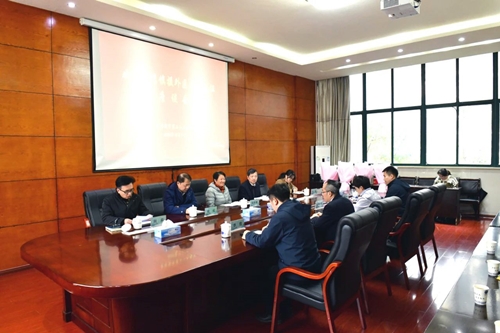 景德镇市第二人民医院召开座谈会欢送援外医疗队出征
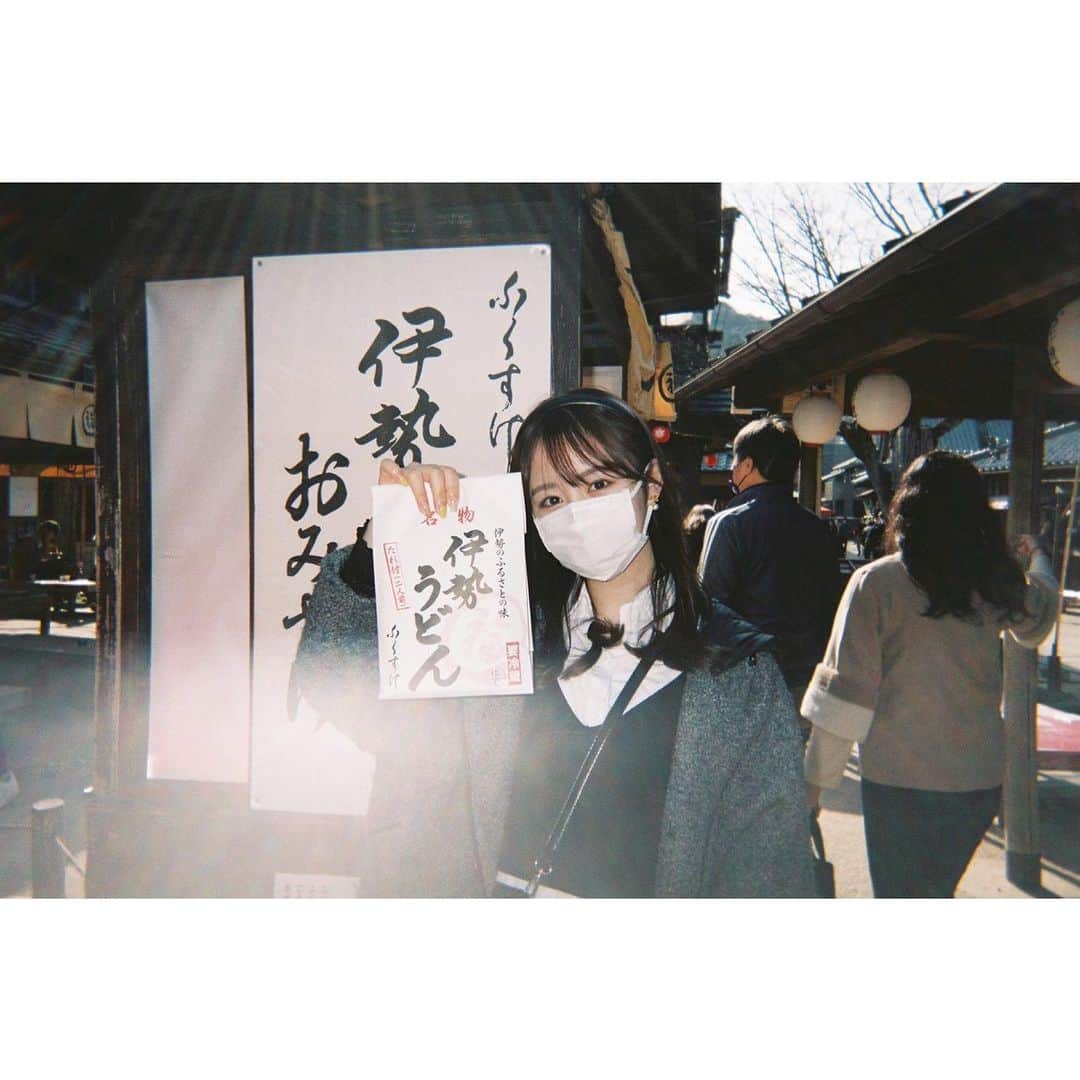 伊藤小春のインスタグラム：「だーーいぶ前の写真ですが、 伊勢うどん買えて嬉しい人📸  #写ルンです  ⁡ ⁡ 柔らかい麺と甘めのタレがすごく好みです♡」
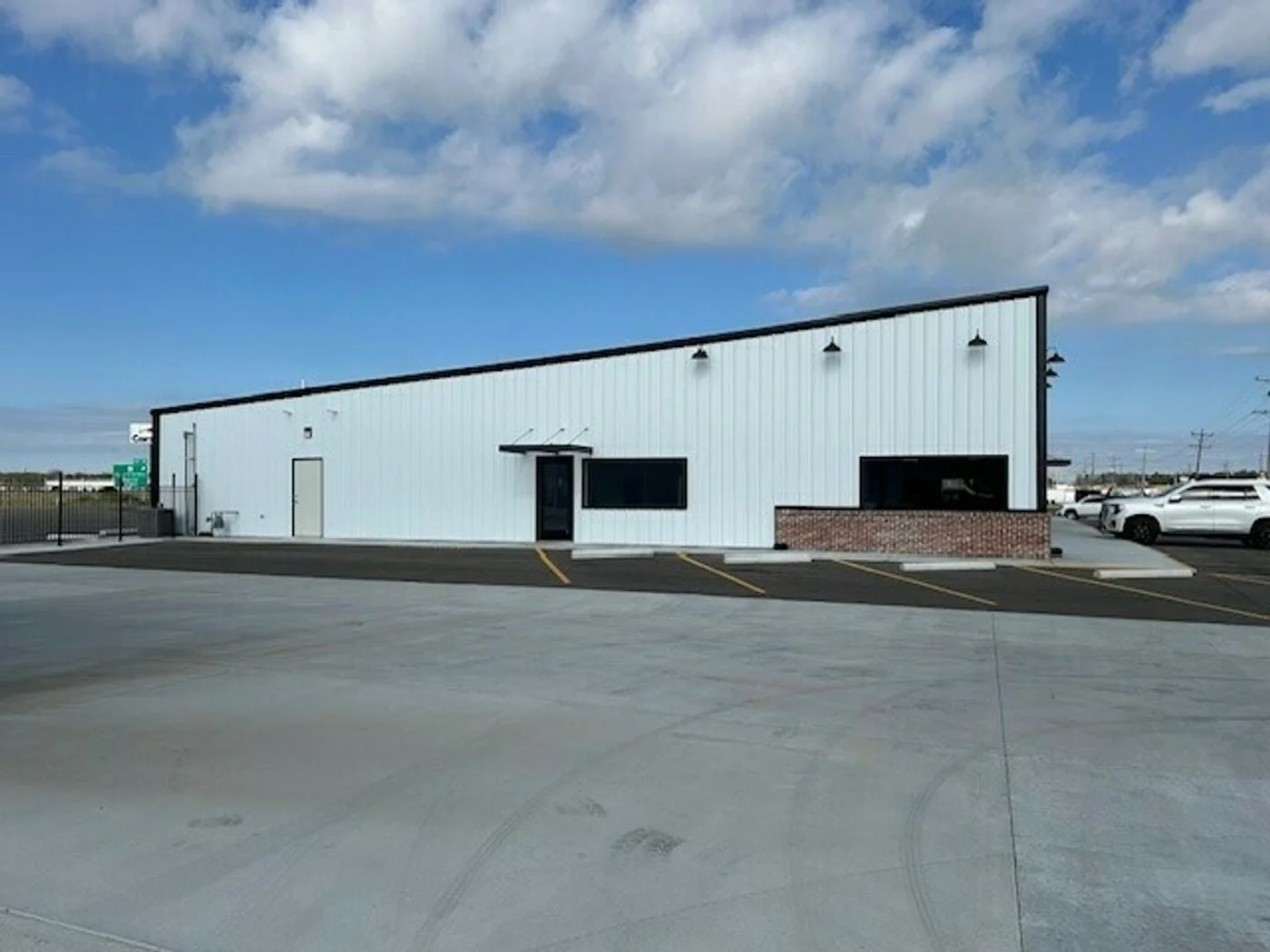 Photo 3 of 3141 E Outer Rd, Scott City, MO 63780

··········

# [TASK PROMPT]
Without the pictures, copy the material exactly as given.

# [SOLUTION FOR THIS TASK]
 景德镇市第二人民医院召开座谈会欢送援外医疗队出征
 伊藤小春のインスタグラム：「だーーいぶ前の写真ですが、 伊勢うどん買えて嬉しい人📸  #写ルンです  ⁡ ⁡ 柔らかい麺と甘めのタレがすごく好みです♡」
 Photo 3 of 3141 E Outer Rd, Scott City, MO 63780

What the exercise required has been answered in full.